## PROBLEM DESCRIPTION:
Repeat nothing but the lines below running from the one containing "3 Bedroom House in Glenhurd" to the one containing "7905 Castleton Lane Photo 4". Keep both end lines.

## DATA FOR THIS TASK:
Start of Block

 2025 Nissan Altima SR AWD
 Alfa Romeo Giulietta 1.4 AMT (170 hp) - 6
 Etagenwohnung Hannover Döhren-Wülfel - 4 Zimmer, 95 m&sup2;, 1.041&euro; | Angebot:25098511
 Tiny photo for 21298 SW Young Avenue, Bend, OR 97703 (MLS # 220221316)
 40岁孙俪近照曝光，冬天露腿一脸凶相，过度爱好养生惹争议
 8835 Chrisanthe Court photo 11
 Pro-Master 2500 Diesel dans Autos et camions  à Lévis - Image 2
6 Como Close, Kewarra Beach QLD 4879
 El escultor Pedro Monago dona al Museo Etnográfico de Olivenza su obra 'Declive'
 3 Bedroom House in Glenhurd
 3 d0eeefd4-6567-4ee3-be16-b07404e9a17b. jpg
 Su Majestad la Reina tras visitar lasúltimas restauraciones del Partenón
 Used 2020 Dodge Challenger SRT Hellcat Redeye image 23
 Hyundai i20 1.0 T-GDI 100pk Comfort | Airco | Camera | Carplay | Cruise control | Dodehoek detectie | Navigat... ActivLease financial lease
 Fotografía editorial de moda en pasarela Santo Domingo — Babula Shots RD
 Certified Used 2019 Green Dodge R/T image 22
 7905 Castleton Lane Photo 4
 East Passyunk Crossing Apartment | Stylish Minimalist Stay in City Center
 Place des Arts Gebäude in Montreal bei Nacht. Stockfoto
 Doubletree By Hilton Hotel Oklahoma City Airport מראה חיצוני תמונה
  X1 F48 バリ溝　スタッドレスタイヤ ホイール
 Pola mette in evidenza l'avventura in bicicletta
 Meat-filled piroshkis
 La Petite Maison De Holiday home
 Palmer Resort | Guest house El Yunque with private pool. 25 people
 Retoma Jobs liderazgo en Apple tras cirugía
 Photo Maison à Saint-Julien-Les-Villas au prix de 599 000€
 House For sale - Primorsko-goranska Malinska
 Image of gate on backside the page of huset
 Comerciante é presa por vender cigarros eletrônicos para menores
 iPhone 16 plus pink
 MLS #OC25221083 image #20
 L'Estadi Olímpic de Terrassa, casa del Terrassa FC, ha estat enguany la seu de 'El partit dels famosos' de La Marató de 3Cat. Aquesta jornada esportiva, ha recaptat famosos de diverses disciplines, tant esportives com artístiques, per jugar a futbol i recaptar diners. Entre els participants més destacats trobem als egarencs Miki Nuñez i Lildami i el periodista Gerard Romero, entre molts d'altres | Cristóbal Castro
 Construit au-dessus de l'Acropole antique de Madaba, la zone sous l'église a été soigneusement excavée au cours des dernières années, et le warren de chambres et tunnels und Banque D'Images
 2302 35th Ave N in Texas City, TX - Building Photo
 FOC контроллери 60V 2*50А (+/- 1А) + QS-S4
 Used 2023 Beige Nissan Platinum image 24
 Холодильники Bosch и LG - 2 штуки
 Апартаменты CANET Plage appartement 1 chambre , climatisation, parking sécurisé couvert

End of Block

## SOLUTION TO THIS EXERCISE:
 3 Bedroom House in Glenhurd
 3 d0eeefd4-6567-4ee3-be16-b07404e9a17b. jpg
 Su Majestad la Reina tras visitar lasúltimas restauraciones del Partenón
 Used 2020 Dodge Challenger SRT Hellcat Redeye image 23
 Hyundai i20 1.0 T-GDI 100pk Comfort | Airco | Camera | Carplay | Cruise control | Dodehoek detectie | Navigat... ActivLease financial lease
 Fotografía editorial de moda en pasarela Santo Domingo — Babula Shots RD
 Certified Used 2019 Green Dodge R/T image 22
 7905 Castleton Lane Photo 4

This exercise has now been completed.